What you are asked to do
In the listing beneath this line, copy exactly the lines starting with the one containing "Aaron Schmidt of" and going on through the one containing "Faded sepia photograph".

Entries supplied

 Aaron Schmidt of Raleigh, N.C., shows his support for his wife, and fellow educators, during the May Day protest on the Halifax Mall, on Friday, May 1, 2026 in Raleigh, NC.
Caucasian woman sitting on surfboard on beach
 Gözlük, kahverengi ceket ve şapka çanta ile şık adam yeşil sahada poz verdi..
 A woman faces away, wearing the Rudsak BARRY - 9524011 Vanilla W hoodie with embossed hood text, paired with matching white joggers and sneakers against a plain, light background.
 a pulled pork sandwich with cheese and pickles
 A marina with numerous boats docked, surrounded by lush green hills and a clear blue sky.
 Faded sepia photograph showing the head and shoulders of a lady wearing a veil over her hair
==
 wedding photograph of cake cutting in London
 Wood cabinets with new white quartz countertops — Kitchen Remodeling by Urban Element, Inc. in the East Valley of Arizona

Task answer
 Aaron Schmidt of Raleigh, N.C., shows his support for his wife, and fellow educators, during the May Day protest on the Halifax Mall, on Friday, May 1, 2026 in Raleigh, NC.
Caucasian woman sitting on surfboard on beach
 Gözlük, kahverengi ceket ve şapka çanta ile şık adam yeşil sahada poz verdi..
 A woman faces away, wearing the Rudsak BARRY - 9524011 Vanilla W hoodie with embossed hood text, paired with matching white joggers and sneakers against a plain, light background.
 a pulled pork sandwich with cheese and pickles
 A marina with numerous boats docked, surrounded by lush green hills and a clear blue sky.
 Faded sepia photograph showing the head and shoulders of a lady wearing a veil over her hair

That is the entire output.